Le maire Jérémie Sawadogo pense qu’ il va falloir que tous les acteurs sur la question du nomadisme politique réfléchissent et regardent pour refaire les textes. « Ce serait intéressant qu’on découple l’élection présidentielle et les législatives. Qu’on couple les municipales et les législatives parce que c’est là-bas qu’on va sentir la question de l’élection locale. Comment on finit d’élire les maires et les conseillers municipaux et c’est le Code électoral qui vient les régir pendant qu’ils sont en fonction. Aujourd’hui c’est le Code des collectivités territoriales qui devait régir toutes les actions des maires et des conseillers municipaux », s’est-il expliqué.

L’intervention de la justice dans cette affaire

Les communes touchées par la mesure du MATD sont une quinzaine, a dit le maire de Solenzo, Désiré Traoré, citant « Sapouy, Solenzo, Houndé, Orodara, Téma-Bokin, Tougouri, Pibaoré, Nagréogo et l’Arrondissement 10 » entre autres. M. Traoré a répondu aux journalistes qu’au niveau de l’ensemble des juridictions administratives, lui et ses camarades ont déposé des recours pour l’annulation de la décision du MATD. « A Ouagadougou il y a (déjà) une suspension. Au niveau des juridictions déconcentrées administratives, nous avons déposé deux recours. Un sursis à exécution et un autre pour annuler les notes des Hauts commissaires. Comme suite nous allons attendre que nos avocats fassent le travail et on verra », a-t-il éclairci.

Le maire de Solenzo ayant démissionné de l’UNIR/PS pour les Progressistes unis pour le Renouveau (PUR), a indiqué que « le rapport de Clément Sawadogo (ministre du MATD) a induit le gouvernement en erreur en disant que les conseillers ont posé des actes d’indisciplines. Alors que cela relève des partis. Et c’est pourquoi le Conseil d’Etat leur (gouvernement) a dit de laisser les partis politiques gérer leurs militants ».

Pour le député-maire de Houndé, Dissan Boureima Gnoumou, la sanction du MATD leur est préjudiciable à plusieurs titres. « La première sanction que nous avons subie, c’est le fait que le ministère a torpillé la loi. La deuxième sanction, c’est d’avoir torpillé la loi et de faire croire (à l’opinion) que nous n’avons pas de morale. La troisième sanction, c’est de perturber le bon fonctionnement et l’élan de développement local que nos communes avaient amorcé », a-t-il développé.

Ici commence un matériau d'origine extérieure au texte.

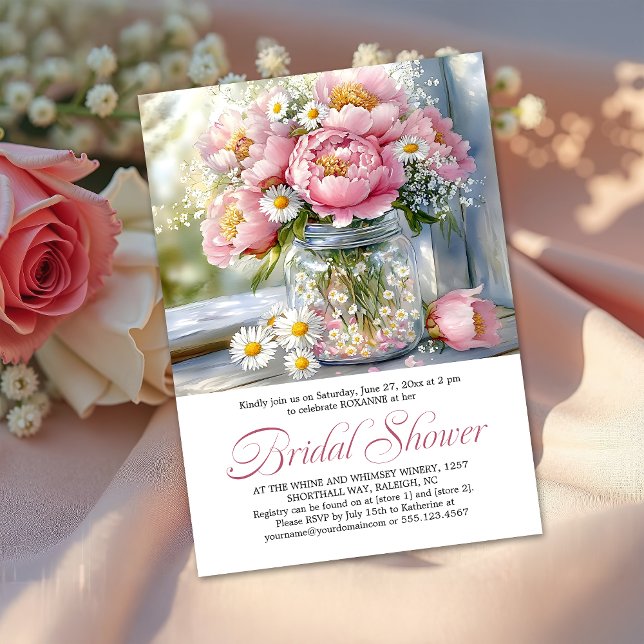 Pink Peonies White Daisies in Mason Jar Inbjudningar (Skapare uppladdad)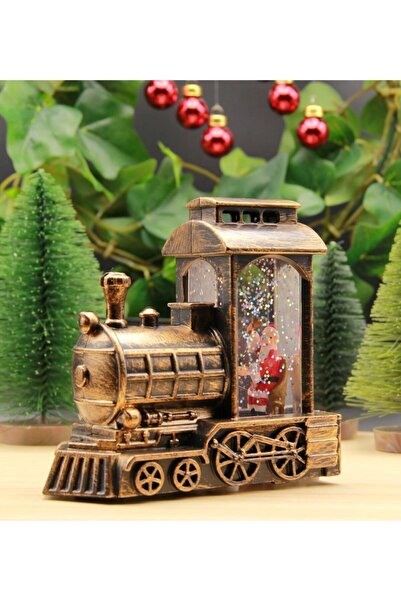 HEDİYEBİZİZ Yılbaşı Kar Küresi Noel Işıklı Dekoratif Noel Baba Treni Merry Ch...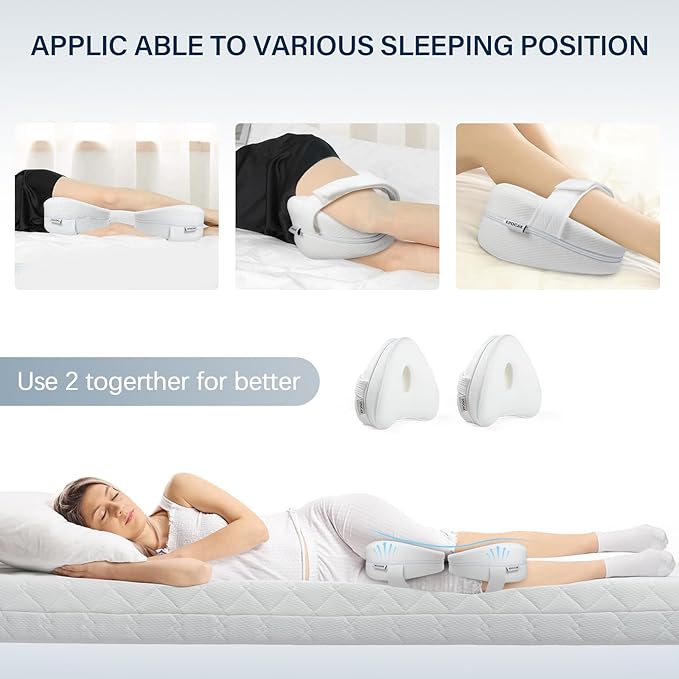 Knee Pillow for Adustable Side Sleepers with 1.3FT/40CM,100% Memory Foam Leg Pillow for Side Sleeping,Hip Pillow for Back,Hip,Knee Pain Relif (White)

A suivre M. Gnoumou du Mouvement pour le Burkina du futur (MBF) et ses camarades qui disent faire « confiance » à la Justice qui dans certaines communes, statuant sur cette affaire, leur a donné raison, elle doit aller au bout et contraindre le gouvernement à appliquer les décisions qu’elle rend. « S’il y a des décisions de justice qui dorment dans les tiroirs, il y a un problème, cela veut dire que le Burkina Faso est dangereux parce que cela voudrait dire que désormais chacun va résoudre ses problèmes avec les moyens dont il dispose », a-t-il mis en garde.

Le collectif des maires et conseillers ont indiqué qu’ils sont « toujours maires tant que la justice n’a pas encore tranché » sur l’affaire.

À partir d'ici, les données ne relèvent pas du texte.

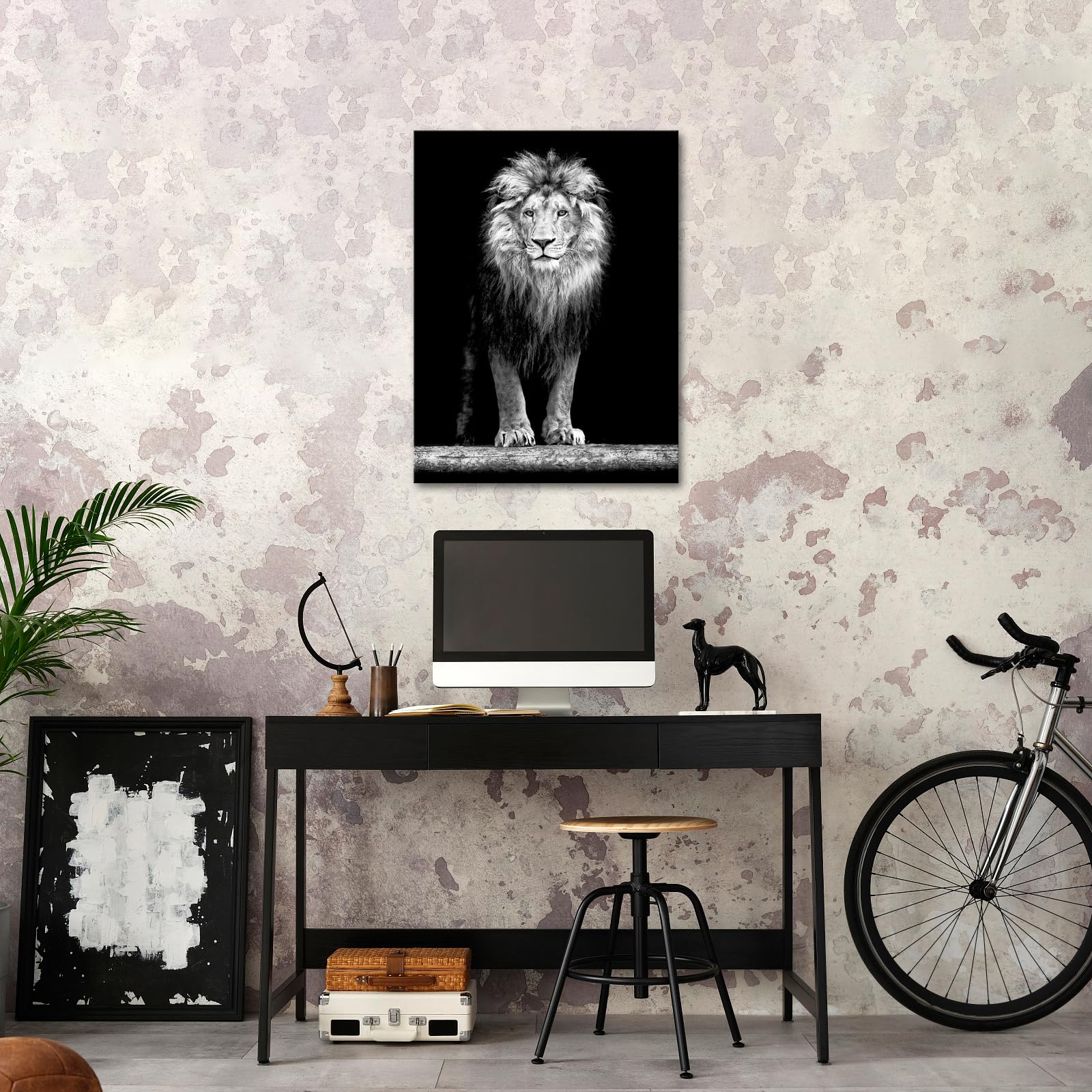 Levvarts - Lion Pictures Wall Art Black And White Lion Portrait Canvas Painting For Living Room Office Decoration Ready To Hang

Les conséquences de la crise au sein de certaines communes du Burkina

Les conséquences de cette crise sont énormes, ont laissé entendre les conférenciers. « Depuis le 4 décembre, il y a eu un télégramme officiel qui suspend la convocation des sessions. C’est une sanction très grave. Donc il y a les dysfonctionnements des communes. Quand vous ne pouvez pas réunir un Conseil municipal, vous ne pouvez pas prendre de délibérations. Les communes comme celles de Orodara et de Pibaoré n’ont pas de budget. Elles fonctionnent actuellement avec des budgets provisoires », a déploré le maire de Solenzo, Désiré Traoré.

Pour Dissan Boureima Gnoumou, la mesure du MATD a naturellement un « impact très négatif » sur les communes. « Peut-être que d’ici là, certaines communes ne pourront plus honorer les salaires de leurs travailleurs. Il y aura une instabilité sociale, c’est très clair. Le troisième impact, c’est le fait de faire comprendre aux populations que les décisions de Justice ne sont pas importantes. Et ça c’est grave aux yeux du justiciable ».